Within the entries below, output exactly the lines between the line containing "Imagen de la" and the line containing "Malvazios #5 Apartment Gythio", inclusive, and omit any picture.

### Materials provided
+-------+

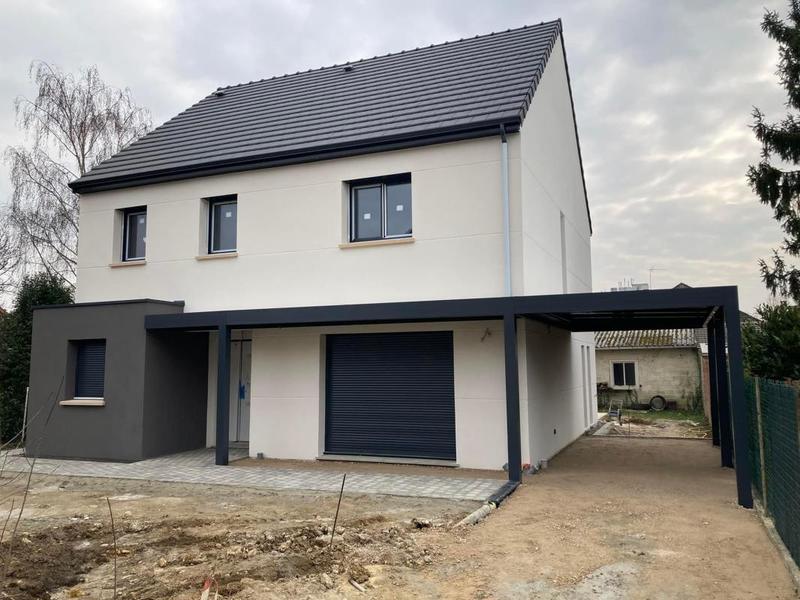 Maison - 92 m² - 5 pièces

+-------+

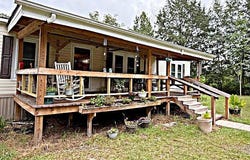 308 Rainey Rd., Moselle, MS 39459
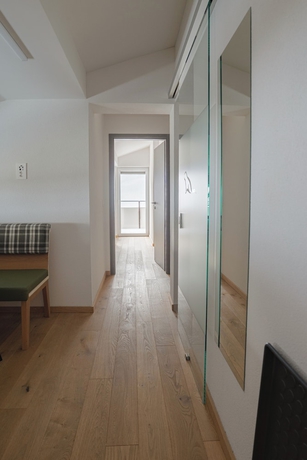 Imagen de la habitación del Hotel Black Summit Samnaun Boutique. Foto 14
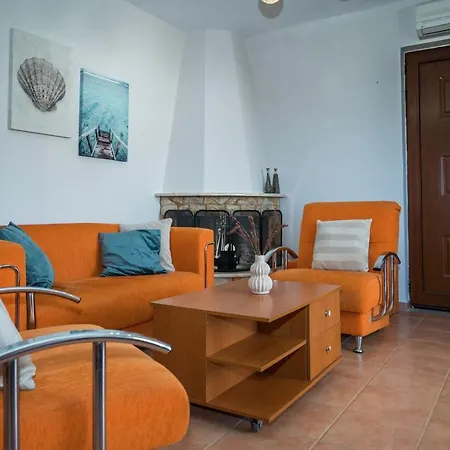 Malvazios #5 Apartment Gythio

+-------+

### Solution to this exercise
 Imagen de la habitación del Hotel Black Summit Samnaun Boutique. Foto 14
 Malvazios #5 Apartment Gythio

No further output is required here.